On 8 April 1942, Zircon picked up sixteen survivors (twelve crew members, one apprentice seaman, and three passengers) of the merchant ship, Otho, which had been torpedoed by the German U-Boat five days earlier approximately two hundred miles east of Cape Henry, Virginia, and transported them to Cape May.

On 11 May 1944, Zircon responded to sightings of flames and explosions approximately fourteen miles outside Boston Harbor and immediately navigated toward the YF-415, which had been disposing of condemned ammunition from the Hingham Naval Ammunition Depot when the fire and explosions occurred. Zircon crew members John Bell Power, Paul Magera, and Henry John O'Toole, in a twenty-foot running boat, rescued fourteen of the YF-415s thirty crew members from the cold waters, as shrapnel was still flying. One of the rescued sailors died the following day from severe burns. Soundman Third Class John Bell Power received the Navy and Marine Corps Medal for skillfully maneuvering the rescue boat to rescue the surviving crew members.

On 16 November 1944, Zircon reported for duty with the Commander, DD-DE (i.e., destroyer-destroyer escort) Shakedown Task Group. That duty lasted until 7 December 1944, when it was designated relief flagship for the Commander in Chief, U.S. Atlantic Fleet, based at Philadelphia, Pennsylvania. It served in that capacity through the end of World War II.
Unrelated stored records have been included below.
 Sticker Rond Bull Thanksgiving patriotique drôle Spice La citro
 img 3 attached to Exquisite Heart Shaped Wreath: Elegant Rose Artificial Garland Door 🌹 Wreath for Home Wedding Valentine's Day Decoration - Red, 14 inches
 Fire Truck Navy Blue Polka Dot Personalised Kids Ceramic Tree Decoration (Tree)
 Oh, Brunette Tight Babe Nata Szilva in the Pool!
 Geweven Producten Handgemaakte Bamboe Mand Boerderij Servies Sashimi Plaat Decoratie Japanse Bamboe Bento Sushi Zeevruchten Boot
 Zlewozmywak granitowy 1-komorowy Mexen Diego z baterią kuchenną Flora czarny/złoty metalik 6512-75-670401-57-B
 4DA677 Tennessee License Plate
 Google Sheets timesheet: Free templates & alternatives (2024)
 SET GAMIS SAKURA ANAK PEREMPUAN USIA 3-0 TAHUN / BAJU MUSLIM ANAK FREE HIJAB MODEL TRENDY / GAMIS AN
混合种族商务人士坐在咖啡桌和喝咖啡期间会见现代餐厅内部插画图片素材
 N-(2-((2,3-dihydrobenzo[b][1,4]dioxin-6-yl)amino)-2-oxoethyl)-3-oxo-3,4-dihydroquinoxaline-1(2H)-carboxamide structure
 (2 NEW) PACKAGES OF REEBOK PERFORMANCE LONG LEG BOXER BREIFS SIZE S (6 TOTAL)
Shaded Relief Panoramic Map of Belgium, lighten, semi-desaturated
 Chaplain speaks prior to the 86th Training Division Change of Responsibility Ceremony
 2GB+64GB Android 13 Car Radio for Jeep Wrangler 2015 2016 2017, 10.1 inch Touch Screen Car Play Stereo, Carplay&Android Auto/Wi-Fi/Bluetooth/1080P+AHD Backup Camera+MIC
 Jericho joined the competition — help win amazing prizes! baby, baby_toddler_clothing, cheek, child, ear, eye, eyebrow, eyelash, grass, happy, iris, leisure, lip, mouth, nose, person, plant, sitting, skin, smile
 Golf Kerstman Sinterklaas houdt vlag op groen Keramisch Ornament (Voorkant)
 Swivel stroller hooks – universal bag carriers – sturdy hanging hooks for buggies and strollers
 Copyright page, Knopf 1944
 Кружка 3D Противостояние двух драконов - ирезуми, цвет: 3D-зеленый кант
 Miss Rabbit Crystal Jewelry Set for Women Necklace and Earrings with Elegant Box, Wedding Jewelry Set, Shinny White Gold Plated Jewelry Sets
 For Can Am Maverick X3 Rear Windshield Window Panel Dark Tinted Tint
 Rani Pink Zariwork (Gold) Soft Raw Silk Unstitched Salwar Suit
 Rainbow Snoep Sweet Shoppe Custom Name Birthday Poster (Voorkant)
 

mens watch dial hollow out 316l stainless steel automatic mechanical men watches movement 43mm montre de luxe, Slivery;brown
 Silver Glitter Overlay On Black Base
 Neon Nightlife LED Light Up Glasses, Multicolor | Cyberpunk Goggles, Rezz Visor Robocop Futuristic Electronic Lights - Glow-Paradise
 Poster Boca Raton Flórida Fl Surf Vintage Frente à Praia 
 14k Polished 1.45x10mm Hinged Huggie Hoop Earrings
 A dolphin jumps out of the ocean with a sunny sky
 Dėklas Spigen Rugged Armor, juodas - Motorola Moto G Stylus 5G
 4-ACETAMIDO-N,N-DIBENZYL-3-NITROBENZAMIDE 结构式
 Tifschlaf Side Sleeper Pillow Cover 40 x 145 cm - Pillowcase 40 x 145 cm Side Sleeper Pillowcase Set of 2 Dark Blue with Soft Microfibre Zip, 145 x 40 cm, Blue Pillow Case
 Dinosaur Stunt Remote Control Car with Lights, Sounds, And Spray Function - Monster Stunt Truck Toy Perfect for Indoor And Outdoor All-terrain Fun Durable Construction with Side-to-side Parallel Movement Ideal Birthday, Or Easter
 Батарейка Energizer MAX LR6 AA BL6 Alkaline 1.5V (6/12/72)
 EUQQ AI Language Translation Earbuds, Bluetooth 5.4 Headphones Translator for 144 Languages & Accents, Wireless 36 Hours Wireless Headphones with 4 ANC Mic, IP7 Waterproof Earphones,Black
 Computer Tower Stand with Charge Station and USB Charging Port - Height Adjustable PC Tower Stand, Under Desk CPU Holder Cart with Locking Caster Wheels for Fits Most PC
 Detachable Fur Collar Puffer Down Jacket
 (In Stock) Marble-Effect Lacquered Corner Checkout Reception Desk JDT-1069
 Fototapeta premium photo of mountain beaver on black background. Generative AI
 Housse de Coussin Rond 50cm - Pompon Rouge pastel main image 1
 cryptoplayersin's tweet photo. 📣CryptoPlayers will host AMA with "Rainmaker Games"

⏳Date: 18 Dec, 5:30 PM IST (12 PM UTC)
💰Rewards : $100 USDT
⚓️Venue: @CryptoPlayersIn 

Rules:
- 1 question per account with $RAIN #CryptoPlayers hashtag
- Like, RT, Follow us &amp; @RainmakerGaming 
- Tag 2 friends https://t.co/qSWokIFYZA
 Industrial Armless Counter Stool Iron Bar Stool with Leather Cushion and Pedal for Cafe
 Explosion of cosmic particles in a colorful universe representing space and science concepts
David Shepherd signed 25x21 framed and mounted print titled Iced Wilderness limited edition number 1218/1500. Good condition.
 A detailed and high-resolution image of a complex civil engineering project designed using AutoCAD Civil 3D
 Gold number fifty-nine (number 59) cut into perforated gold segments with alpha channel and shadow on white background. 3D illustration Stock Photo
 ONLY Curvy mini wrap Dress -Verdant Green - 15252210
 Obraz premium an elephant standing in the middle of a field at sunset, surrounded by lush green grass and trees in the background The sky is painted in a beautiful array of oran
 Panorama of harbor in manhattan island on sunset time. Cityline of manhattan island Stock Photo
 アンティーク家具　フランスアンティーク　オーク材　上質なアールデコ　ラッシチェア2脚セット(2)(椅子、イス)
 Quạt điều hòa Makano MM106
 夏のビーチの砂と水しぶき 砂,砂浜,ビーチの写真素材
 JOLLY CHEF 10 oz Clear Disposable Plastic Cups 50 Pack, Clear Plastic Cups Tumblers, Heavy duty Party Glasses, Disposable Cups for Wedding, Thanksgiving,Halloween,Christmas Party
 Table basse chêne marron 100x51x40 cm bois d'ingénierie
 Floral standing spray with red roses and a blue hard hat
In September 1946, Zircon received orders to report to the Commandant, 6th Naval District at Charleston, South Carolina, to prepare for decommissioning and disposal. On 10 May 1946, Zircon was decommissioned at Charleston. Its name was struck from the Navy List on 5 June 1946, and the ship was turned over to the Maritime Commission for disposal on 17 October 1946. It was sold by the War Shipping Administration on 24 April 1947.

==Post Navy==
The vessel reverted to the original name Nakhoda on sale. The United New York Sandy Hook Pilots Association of Staten Island, New York acquired the vessel in 1951 giving the name New York. In 1973 New York, formerly Nakhoda, was sold to the Polymer Engineering Corp. of Houston, Texas after replacement by a new vessel bearing the name New York.